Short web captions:

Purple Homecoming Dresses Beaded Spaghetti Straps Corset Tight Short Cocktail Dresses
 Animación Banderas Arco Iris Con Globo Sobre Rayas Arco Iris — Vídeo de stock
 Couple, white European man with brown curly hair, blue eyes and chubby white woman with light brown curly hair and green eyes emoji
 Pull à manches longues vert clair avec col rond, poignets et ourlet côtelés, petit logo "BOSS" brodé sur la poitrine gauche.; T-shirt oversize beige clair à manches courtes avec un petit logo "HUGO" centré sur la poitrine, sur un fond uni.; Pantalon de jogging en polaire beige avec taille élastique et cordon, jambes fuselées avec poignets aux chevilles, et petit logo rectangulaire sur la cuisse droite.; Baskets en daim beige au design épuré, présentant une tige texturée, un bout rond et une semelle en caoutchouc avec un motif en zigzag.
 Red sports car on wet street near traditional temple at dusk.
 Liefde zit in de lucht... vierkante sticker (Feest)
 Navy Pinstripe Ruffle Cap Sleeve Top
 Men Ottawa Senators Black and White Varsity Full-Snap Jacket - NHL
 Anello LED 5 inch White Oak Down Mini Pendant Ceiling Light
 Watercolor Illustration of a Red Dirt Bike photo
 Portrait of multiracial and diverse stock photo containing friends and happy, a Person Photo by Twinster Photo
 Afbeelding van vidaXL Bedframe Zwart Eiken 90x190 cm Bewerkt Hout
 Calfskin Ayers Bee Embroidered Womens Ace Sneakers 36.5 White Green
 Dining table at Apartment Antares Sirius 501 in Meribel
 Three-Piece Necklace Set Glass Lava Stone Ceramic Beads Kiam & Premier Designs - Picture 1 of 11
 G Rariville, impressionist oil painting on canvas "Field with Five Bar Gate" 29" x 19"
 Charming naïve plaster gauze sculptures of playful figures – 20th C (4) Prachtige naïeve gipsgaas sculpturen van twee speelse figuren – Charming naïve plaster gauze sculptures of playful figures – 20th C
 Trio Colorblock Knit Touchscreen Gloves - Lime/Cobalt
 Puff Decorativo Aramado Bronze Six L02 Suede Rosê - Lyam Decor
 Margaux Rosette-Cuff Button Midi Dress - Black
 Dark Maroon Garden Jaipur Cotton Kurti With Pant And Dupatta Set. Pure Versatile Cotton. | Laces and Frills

EXERCISE. The records above need to be output again, verbatim.

RESPONSE FOR THIS EXERCISE.
Purple Homecoming Dresses Beaded Spaghetti Straps Corset Tight Short Cocktail Dresses
 Animación Banderas Arco Iris Con Globo Sobre Rayas Arco Iris — Vídeo de stock
 Couple, white European man with brown curly hair, blue eyes and chubby white woman with light brown curly hair and green eyes emoji
 Pull à manches longues vert clair avec col rond, poignets et ourlet côtelés, petit logo "BOSS" brodé sur la poitrine gauche.; T-shirt oversize beige clair à manches courtes avec un petit logo "HUGO" centré sur la poitrine, sur un fond uni.; Pantalon de jogging en polaire beige avec taille élastique et cordon, jambes fuselées avec poignets aux chevilles, et petit logo rectangulaire sur la cuisse droite.; Baskets en daim beige au design épuré, présentant une tige texturée, un bout rond et une semelle en caoutchouc avec un motif en zigzag.
 Red sports car on wet street near traditional temple at dusk.
 Liefde zit in de lucht... vierkante sticker (Feest)
 Navy Pinstripe Ruffle Cap Sleeve Top
 Men Ottawa Senators Black and White Varsity Full-Snap Jacket - NHL
 Anello LED 5 inch White Oak Down Mini Pendant Ceiling Light
 Watercolor Illustration of a Red Dirt Bike photo
 Portrait of multiracial and diverse stock photo containing friends and happy, a Person Photo by Twinster Photo
 Afbeelding van vidaXL Bedframe Zwart Eiken 90x190 cm Bewerkt Hout
 Calfskin Ayers Bee Embroidered Womens Ace Sneakers 36.5 White Green
 Dining table at Apartment Antares Sirius 501 in Meribel
 Three-Piece Necklace Set Glass Lava Stone Ceramic Beads Kiam & Premier Designs - Picture 1 of 11
 G Rariville, impressionist oil painting on canvas "Field with Five Bar Gate" 29" x 19"
 Charming naïve plaster gauze sculptures of playful figures – 20th C (4) Prachtige naïeve gipsgaas sculpturen van twee speelse figuren – Charming naïve plaster gauze sculptures of playful figures – 20th C
 Trio Colorblock Knit Touchscreen Gloves - Lime/Cobalt
 Puff Decorativo Aramado Bronze Six L02 Suede Rosê - Lyam Decor
 Margaux Rosette-Cuff Button Midi Dress - Black
 Dark Maroon Garden Jaipur Cotton Kurti With Pant And Dupatta Set. Pure Versatile Cotton. | Laces and Frills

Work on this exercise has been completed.